:: Your instructions ::
From the entries below, transcribe exactly the lines between the line holding "River fabric in" and the line holding "Imagem da notícia: 35.º", inclusive; skip all other lines.

:: Dataset extract ::
Content starts

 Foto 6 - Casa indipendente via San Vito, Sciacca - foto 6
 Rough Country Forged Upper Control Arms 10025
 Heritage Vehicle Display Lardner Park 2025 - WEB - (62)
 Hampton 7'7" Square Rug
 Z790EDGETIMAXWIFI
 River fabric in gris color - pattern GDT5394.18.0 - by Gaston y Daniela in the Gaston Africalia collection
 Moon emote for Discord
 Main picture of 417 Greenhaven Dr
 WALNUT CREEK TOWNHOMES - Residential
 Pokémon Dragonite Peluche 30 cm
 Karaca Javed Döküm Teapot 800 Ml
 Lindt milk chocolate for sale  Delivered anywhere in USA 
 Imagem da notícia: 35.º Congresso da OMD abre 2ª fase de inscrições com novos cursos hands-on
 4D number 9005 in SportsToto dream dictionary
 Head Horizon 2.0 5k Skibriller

Content ends

:: Answer to this exercise ::
 River fabric in gris color - pattern GDT5394.18.0 - by Gaston y Daniela in the Gaston Africalia collection
 Moon emote for Discord
 Main picture of 417 Greenhaven Dr
 WALNUT CREEK TOWNHOMES - Residential
 Pokémon Dragonite Peluche 30 cm
 Karaca Javed Döküm Teapot 800 Ml
 Lindt milk chocolate for sale  Delivered anywhere in USA 
 Imagem da notícia: 35.º Congresso da OMD abre 2ª fase de inscrições com novos cursos hands-on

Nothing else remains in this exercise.